**What needs to be done:** Pictures stay out of the copy, and everything else in the data below is repeated exactly.

**Material provided:**
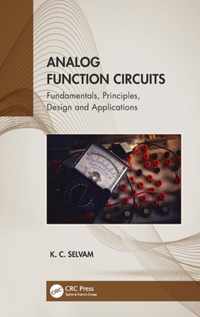 Analog Function Circuits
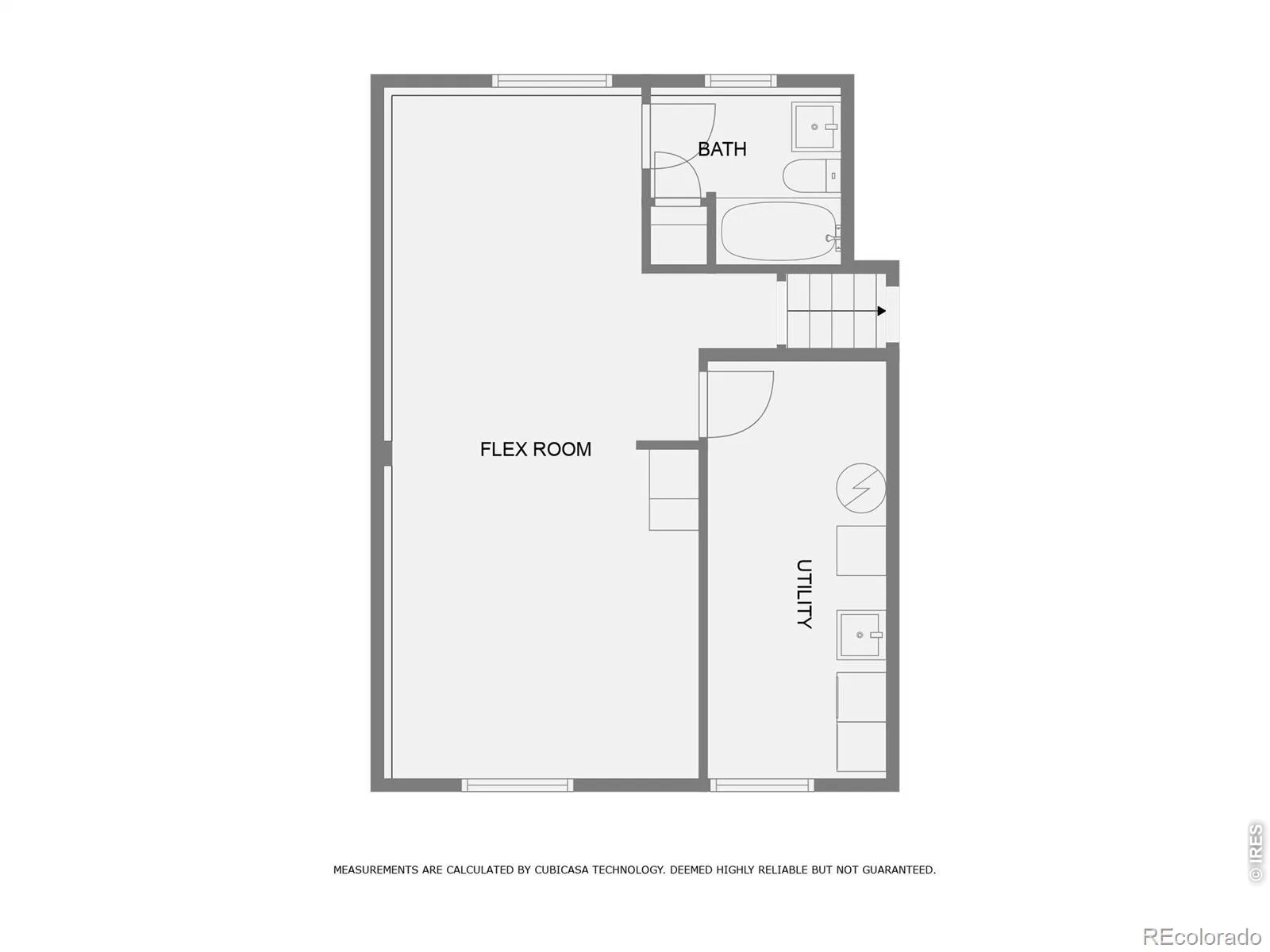 6225 E Mississippi Avenue Denver CO 80224 | MLS #RECIR1065909 08062026213336 1600 26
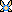 Spirit of Winter OoS sprite.png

**Problem solution:**
 Analog Function Circuits
 6225 E Mississippi Avenue Denver CO 80224 | MLS #RECIR1065909 08062026213336 1600 26
 Spirit of Winter OoS sprite.png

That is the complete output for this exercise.